> **DATA SHOWN**
—————
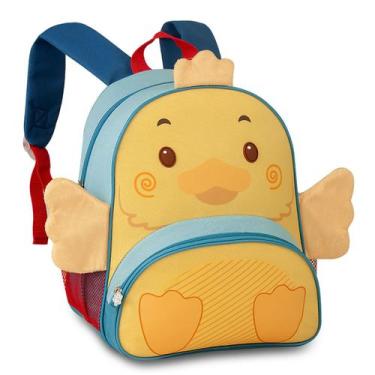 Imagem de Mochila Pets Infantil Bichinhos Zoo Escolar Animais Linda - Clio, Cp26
—————
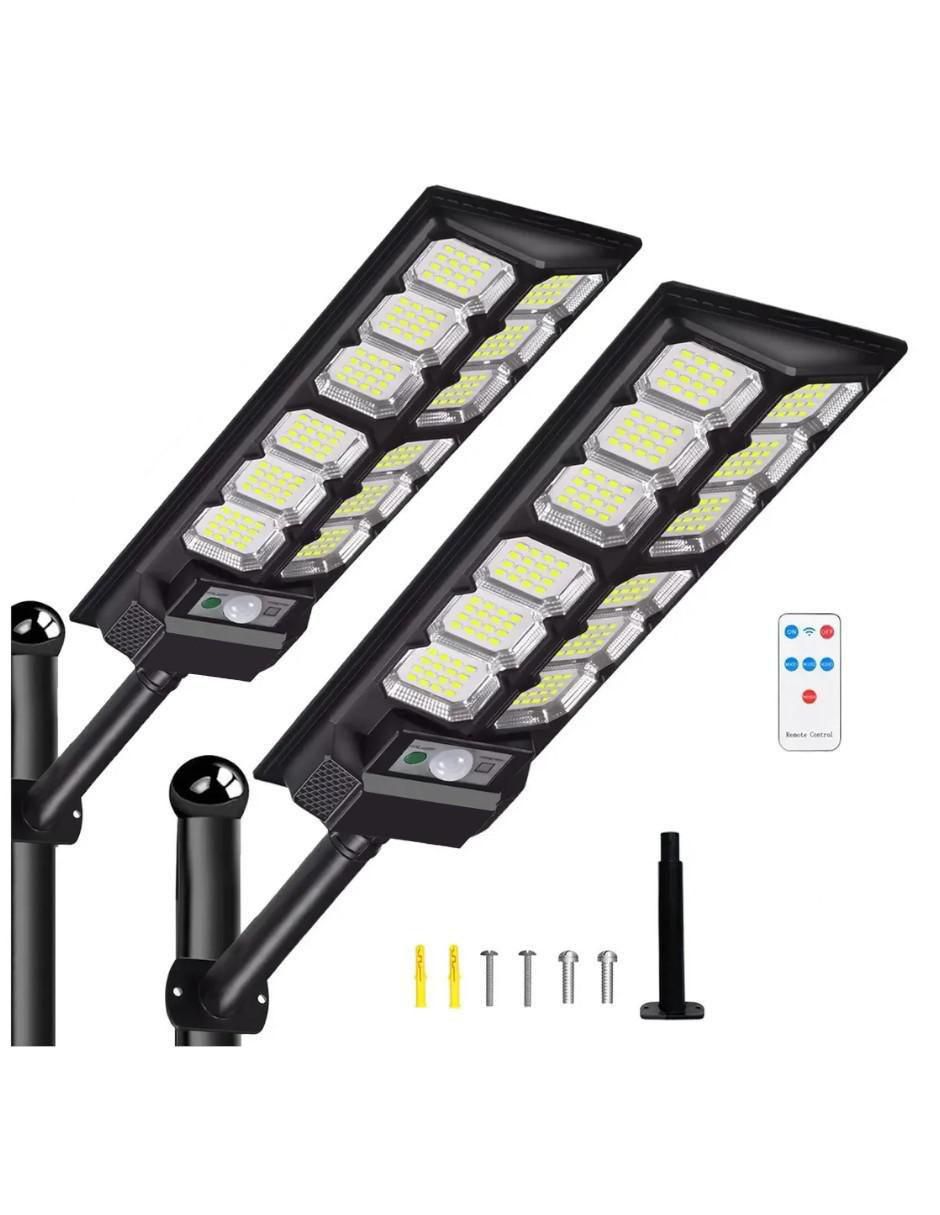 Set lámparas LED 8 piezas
—————
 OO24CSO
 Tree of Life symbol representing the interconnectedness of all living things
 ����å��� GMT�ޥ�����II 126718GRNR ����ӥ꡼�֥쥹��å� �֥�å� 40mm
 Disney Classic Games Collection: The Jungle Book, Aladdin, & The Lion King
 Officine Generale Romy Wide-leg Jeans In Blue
—————
> **EXERCISE DESCRIPTION**
What do the lines above say from the one containing "Tree of Life" down to the one containing "Officine Generale Romy"? Return them exactly, both end lines included, and only them.

> **EXERCISE OUTPUT**
 Tree of Life symbol representing the interconnectedness of all living things
 ����å��� GMT�ޥ�����II 126718GRNR ����ӥ꡼�֥쥹��å� �֥�å� 40mm
 Disney Classic Games Collection: The Jungle Book, Aladdin, & The Lion King
 Officine Generale Romy Wide-leg Jeans In Blue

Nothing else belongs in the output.